James Madison wrote in The Federalist, No. 47:
The accumulation of all powers, legislative, executive, and judiciary, in the same hands, whether of one, a few, or many, and whether hereditary, self-appointed, or elective, may justly be pronounced the very definition of tyranny.
The principle of separation of powers was well established for centuries before James Madison wrote those now famous lines. Madison, Hamilton, Jefferson, and the other members of the Founding pantheon were familiar with this core concept of self-government from reading it in Montesquieu’s seminal Spirit of the Laws, as well as from the history of Rome written in the second century B.C. by Greek historian Polybius.

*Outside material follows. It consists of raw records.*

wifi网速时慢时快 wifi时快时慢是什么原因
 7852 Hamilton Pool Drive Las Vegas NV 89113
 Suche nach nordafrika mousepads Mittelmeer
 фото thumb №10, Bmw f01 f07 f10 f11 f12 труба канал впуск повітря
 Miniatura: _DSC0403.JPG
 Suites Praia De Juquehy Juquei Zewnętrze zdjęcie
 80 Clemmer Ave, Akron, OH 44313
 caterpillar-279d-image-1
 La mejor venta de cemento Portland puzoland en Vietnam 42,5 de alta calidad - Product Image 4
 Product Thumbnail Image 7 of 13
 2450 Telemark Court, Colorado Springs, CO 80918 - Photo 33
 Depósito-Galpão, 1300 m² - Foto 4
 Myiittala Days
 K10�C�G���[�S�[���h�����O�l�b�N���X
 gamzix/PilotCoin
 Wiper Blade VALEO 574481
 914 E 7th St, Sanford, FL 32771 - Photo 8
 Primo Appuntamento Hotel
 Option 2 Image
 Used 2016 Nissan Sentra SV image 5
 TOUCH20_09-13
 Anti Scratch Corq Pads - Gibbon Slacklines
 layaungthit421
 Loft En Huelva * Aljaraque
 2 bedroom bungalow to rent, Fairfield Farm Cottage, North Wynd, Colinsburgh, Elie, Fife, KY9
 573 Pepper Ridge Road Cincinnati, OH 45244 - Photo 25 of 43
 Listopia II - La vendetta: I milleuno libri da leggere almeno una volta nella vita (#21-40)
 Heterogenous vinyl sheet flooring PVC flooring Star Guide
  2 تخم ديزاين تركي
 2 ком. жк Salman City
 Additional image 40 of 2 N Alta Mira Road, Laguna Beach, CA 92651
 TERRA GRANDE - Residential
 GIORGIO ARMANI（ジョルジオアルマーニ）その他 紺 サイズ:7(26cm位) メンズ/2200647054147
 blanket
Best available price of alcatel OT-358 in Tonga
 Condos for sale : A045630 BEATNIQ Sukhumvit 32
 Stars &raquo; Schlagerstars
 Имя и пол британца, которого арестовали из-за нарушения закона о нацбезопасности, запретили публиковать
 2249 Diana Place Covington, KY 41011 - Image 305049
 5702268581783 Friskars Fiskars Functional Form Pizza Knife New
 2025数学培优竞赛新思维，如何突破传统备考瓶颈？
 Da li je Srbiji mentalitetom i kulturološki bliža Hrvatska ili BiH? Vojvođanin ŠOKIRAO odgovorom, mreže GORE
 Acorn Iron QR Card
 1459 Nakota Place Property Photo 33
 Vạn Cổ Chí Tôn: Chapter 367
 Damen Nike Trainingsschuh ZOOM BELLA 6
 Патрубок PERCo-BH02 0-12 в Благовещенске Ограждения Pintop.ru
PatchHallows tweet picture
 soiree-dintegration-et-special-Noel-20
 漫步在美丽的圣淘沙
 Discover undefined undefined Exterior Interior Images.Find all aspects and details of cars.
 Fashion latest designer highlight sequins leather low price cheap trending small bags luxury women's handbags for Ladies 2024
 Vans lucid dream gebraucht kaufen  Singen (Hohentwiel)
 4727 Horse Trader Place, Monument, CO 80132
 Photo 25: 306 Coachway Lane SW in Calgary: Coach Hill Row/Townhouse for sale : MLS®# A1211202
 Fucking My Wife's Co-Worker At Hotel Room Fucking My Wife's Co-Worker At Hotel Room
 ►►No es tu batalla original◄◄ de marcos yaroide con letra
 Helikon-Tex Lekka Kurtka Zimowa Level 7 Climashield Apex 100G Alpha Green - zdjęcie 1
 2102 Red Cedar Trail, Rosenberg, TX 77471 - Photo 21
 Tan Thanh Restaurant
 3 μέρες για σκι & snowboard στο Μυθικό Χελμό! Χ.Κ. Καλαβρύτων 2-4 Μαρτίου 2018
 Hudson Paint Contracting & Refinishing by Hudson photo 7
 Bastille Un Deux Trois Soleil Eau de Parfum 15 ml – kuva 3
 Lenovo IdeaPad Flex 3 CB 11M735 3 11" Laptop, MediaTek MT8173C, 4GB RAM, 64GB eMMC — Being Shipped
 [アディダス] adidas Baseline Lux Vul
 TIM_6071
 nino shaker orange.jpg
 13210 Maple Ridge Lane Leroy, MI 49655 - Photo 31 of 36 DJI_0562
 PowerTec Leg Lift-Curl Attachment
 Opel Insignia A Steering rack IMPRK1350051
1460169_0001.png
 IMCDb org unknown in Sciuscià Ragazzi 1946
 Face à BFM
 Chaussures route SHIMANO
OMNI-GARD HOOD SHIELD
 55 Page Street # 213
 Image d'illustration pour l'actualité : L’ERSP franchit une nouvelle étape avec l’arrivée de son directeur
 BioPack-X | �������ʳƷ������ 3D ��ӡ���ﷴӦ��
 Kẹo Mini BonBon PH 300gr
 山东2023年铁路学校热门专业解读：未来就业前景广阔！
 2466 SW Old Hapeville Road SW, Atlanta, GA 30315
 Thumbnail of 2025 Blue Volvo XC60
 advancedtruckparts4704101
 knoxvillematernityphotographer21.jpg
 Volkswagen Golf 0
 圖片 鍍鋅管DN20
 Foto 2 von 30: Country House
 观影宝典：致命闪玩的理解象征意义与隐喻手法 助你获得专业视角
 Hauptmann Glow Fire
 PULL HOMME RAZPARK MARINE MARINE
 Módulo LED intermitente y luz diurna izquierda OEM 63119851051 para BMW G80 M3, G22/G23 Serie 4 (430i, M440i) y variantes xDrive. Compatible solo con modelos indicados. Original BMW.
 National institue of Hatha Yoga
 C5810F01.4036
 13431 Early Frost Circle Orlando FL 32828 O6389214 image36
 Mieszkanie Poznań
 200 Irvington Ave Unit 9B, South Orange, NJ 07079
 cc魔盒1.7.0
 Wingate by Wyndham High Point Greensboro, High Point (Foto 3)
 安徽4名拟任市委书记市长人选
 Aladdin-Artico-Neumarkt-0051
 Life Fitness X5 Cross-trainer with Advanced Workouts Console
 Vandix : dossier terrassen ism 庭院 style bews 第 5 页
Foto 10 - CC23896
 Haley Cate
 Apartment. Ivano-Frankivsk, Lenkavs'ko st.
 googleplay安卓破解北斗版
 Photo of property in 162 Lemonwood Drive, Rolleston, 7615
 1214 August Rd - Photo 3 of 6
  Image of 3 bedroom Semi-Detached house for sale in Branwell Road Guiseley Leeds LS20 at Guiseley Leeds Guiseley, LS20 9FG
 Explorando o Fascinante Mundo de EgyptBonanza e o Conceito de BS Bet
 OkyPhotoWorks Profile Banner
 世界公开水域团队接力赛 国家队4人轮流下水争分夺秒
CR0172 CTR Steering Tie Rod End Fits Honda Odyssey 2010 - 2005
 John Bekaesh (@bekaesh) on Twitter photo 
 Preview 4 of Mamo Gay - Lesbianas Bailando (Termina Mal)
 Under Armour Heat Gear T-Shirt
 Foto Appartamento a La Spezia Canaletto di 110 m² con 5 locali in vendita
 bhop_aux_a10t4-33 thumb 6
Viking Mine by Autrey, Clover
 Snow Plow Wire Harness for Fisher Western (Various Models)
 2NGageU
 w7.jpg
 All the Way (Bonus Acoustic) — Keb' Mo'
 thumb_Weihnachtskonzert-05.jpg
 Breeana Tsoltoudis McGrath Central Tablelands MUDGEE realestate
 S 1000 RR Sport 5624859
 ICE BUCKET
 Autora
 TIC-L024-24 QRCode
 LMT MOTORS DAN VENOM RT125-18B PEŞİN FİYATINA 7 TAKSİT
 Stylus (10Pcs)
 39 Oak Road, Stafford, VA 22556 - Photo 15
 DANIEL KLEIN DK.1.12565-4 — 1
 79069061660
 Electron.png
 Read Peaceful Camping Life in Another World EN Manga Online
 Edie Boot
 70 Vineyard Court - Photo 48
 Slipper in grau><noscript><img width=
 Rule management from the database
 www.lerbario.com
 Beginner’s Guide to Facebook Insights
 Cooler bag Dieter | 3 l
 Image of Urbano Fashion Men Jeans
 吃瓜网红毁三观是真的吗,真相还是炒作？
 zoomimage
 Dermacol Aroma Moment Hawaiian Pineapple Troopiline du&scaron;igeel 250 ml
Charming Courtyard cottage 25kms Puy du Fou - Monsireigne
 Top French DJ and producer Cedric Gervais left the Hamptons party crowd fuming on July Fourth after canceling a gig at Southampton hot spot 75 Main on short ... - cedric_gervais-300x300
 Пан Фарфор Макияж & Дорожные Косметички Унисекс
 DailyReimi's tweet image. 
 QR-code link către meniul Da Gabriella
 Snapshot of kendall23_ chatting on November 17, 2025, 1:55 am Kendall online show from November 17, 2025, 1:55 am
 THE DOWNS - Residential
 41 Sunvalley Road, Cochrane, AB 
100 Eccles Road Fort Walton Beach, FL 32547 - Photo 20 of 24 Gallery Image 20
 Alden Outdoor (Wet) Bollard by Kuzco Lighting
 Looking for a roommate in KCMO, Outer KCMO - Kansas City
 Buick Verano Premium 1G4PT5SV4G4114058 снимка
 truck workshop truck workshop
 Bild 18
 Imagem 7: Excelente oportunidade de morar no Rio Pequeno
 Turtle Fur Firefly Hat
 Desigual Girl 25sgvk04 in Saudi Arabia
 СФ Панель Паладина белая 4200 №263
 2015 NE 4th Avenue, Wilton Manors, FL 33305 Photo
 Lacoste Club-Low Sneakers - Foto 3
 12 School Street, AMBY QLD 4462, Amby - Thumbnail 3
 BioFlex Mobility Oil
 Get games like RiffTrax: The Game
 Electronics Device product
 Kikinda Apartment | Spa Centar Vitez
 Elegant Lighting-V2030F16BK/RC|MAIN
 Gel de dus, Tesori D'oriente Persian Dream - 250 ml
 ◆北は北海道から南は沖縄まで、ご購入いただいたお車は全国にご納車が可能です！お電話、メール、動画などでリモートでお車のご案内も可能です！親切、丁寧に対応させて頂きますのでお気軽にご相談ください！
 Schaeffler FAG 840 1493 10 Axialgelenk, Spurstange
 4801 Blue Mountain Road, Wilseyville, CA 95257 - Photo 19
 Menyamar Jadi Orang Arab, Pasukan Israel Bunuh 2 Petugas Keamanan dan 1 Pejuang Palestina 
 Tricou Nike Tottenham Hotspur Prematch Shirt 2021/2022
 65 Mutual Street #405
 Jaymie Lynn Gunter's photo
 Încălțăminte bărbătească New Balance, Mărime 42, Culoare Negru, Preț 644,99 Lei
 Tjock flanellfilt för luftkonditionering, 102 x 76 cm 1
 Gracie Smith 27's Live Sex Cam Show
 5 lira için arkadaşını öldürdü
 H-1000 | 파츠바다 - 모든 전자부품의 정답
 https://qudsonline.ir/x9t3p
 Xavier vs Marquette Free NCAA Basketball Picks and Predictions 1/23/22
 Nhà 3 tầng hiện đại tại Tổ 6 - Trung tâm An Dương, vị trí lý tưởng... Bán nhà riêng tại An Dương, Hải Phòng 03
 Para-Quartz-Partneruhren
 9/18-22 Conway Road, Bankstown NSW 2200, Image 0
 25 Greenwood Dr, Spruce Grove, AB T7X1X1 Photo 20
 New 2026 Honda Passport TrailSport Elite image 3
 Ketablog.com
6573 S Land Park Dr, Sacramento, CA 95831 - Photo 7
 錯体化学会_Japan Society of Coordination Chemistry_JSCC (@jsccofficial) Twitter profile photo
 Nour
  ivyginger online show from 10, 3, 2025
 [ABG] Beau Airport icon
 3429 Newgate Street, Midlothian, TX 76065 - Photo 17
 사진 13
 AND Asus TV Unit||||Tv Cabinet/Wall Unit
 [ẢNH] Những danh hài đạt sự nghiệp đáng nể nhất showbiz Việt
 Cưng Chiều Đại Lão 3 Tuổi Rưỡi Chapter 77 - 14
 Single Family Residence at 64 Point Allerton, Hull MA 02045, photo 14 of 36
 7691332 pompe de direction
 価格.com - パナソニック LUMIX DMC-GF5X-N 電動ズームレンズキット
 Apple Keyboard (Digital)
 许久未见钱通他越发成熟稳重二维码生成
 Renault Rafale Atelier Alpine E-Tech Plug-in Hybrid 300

Over the past several years, administrative agencies of the executive branch have grown into petty tyrannies of their own — despotic departments possessed of the sort of quasi-lawmaking power rightly regarded for centuries as “the very definition of tyranny.”
Regulation of any sort is never the way forward. Allowing unaccountable bureaucrats to exercise legislative authority is unconstitutional and unwise.
Undoubtedly, giving the government control over what should and could be considered by financial advisors would end as it has in almost every other case: the slow suffocation of liberty under reams of paper pushed out onto the people by petty tyrants claiming to be protecting the people. History is a reliable guide to understanding the problem.
In his seminal study of the end of ancient Rome, The History of the Decline and Fall of the Roman Empire, 18th-century historian Edward Gibbon identified an over-bloated bureaucracy as one of the contributors to the collapse of the once mighty superpower:
The number of ministers, of magistrates, of officers, and of servants, who filled the different departments of the state, was multiplied beyond the example of former times; and (if we may borrow the warm expression of a contemporary) “when the proportion of those who received exceeded the proportion of those who contributed the provinces were oppressed by the weight of tributes.” From this period to the extinction of the empire it would be easy to deduce an uninterrupted series of clamors and complaints. According to his religion and situation, each writer chooses either Diocletian or Constantine or Valens or Theodosius, for the object of his invectives; but they unanimously agree in representing the burden of the public impositions, and particularly the land-tax and capitation, as the intolerable and increasing grievance of their own times.
Another historian, Tacitus, lived at the time of Augustus and witnessed the unwinding of the Roman Republic first hand. Tacitus, too, pointed to the increasing power of the bureaucrats as a reason republican liberty was becoming a myth in his time. He reported that the Roman Empire under Caesar Augustus employed 1,800 bureaucrats throughout the whole of the expansive empire.
While 1,800 bureaucrats may sound like a lot, that’s far fewer than those regulation-writing civil servants employed by the state of Nevada alone!
Furthermore, let’s not forget that the very first line of the U.S. Constitution grants all legislative (lawmaking) authority to Congress. Any law that is to be enforced within the 50 states must come from Congress. The attempt by any other branch of the federal government to make law is an act of tyranny and should be treated accordingly.
Or, as Alexander Hamilton wrote in Federalist 78:
There is no position which depends on clearer principles, than that every act of a delegated authority contrary to the tenor of the commission under which it is exercised, is void. No legislative act, therefore, contrary to the constitution, can be valid.
Regulations are an act of authority contrary to the Constitution and are therefore null, void, and of no legal effect.
Congress’s act to legislatively nullify a rule promulgated by the Biden administration Labor Department, therefore, is constitutionally sound, despite any forthcoming veto by the president.